This fall, the Roberson Project on Slavery, Race, and Reconciliation has hosted a reading group and two panel discussions on the topic of reparations. The reading group is meeting for a series of five sessions.

On Oct. 28, a panel discussion about educational institutions engaging in Black reparations was held with two people who have been in the thick of the movement for reparations in higher education, Ebonee Davis of Virginia Theological Seminary and Miles Aceves-Lewis of Georgetown University.

On Nov. 9, a second panel with Sewanee faculty members Mark Hopwood (philosophy), Matthew Mitchell (history), and Katherine Theyson (economics) will present their interdisciplinary perspectives on reparations for African Americans.

On Nov. 18 and 19, William A. Darity Jr. and Kirsten Mullen, authors of From Here to Equality: Reparations for Black Americans in the Twenty-First Century, will visit the Sewanee campus. The book is considered the most thought-provoking recent case for granting reparations to the descendants of the enslaved.

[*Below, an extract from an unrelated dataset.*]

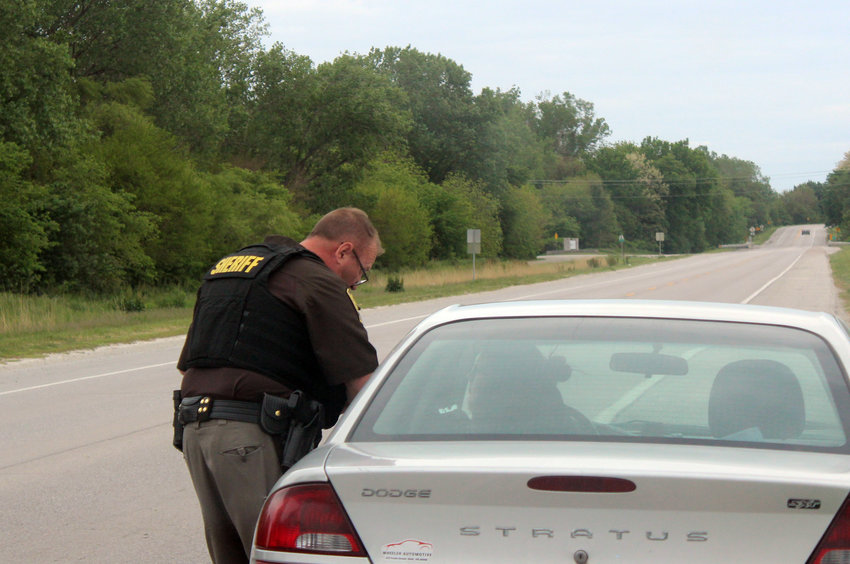 Lt. Butch Groves of the Washington County Sheriff's Office pulls over a vehicle for speeding and improper use of a seatbelt Monday afternoon on U.S. Highway 75 near Fort Calhoun. As part of a nationwide Click it or Ticket program, the sheriff's office is spending two weeks getting deputies on the road to check for seatbelt violations, which are a secondary offense in the state of Nebraska.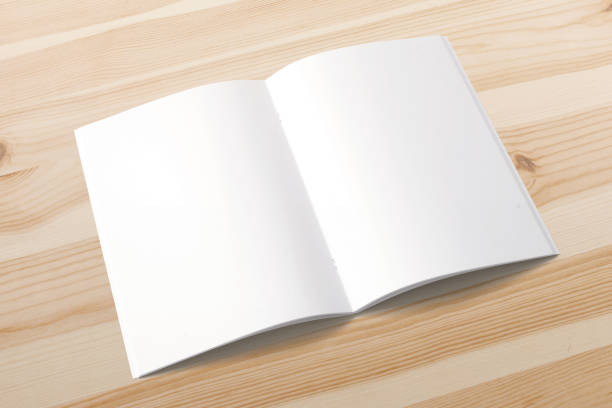 istock Opened magazine on wooden background. Blank pages .. 926308088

The debate over granting reparations has intensified over the last decade, with a few universities and seminaries now beginning to institute programs that directly benefit persons with ancestral ties to the enslaved. Yet many people today do not understand the complexities of this debate or realize that demands for slavery reparations date back to the 1700s.

This series of events related to reparations and/or featuring authors Darity and Mullen are sponsored by the Roberson Project in conjunction with the Department of Economics, the campus chapter of the NAACP, the Ayres Multicultural Center, and the Program in Southern Studies. Support is provided by the offices of the Vice Provost for Diversity, Equity, and Inclusion and of the University Chaplain. Additional funding comes from the University Lectures Committee, the School of Theology Lectures Committee, and a Legacies of American Slavery grant to the Roberson Project from the Council of Independent Colleges.